Open source geospatial systems and tools have really taken off in recent years, as has the open source community at large. While an open source geospatial solution may be enticing to some GIS managers, there remain a number of hurdles for them to be effectively employed.
Chief among these hurdles are the lack of documentation, training, and the added difficulties of configuring or extending open source solutions (it’s tough to get a good ArcSDE administrator, it’s tougher still to get a good PostGIS administrator). In addition to this, while open source is starting to provide a rather comprehensive suite of software that includes desktop and web based GIS tools and services, as well as database storage and support, they still tend to lack a good data management framework. I suspect that the reason for this is because developers of open source spatial software want their work to be able to do something relatively fast. So they tend to make them work on existing GIS data (such as shapefiles) rather then put a heavy emphasis on creating and managing spatial data from scratch.

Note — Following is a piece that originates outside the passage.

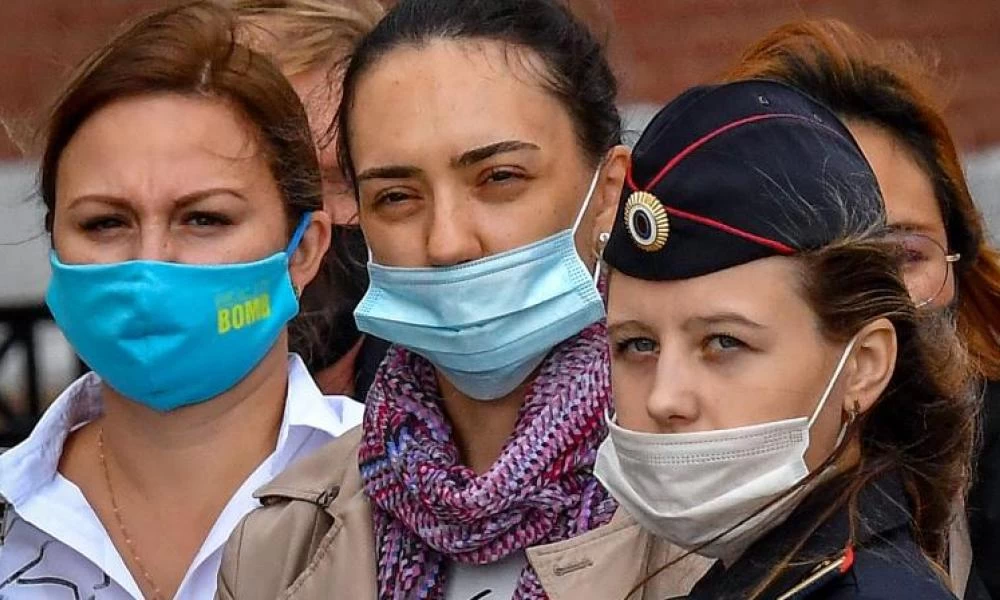 Κορονοϊός: Για δεύτερη μέρα ξεπέρασαν τους 6.000 τα κρούσματα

Most GIS may be reluctant to move too quickly towards an open source solution when they already have a functionally proprietary system in place. Even though moving towards open source may be compelling due to the potential cost savings in licensing fees, those savings are offset by concerns over being able to manage the system and maintain current capabilities.

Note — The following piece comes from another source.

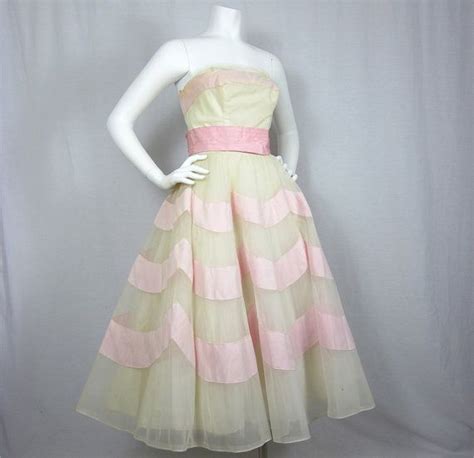 To bring your cake dreams to life, begin with a rough idea of your preferred cake style, colour scheme. Vintage 1950s 60s Wedding Cake Party Dress Sz S by ...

The most likely scenario in the near future is to start seeing the appearance of hybrid solutions.
As an example, a GIS shop may decide that their use of ArcEditor (or ArcInfo), ArcSDE and ArcIMS (or ArcServer) may be overkill for their specific requirements. While this software provides an enormous amount of capability, this may not actually be required. It may be possible for them to effectively manage their spatial data using an ArcMap license to manage the spatial data, and then have that data pushed into a PostGIS database for corporate or enterprise attribute editing and visualization. The key is to leverage the power of both commercial and open source solutions towards cheaper and oftentimes more powerful solution.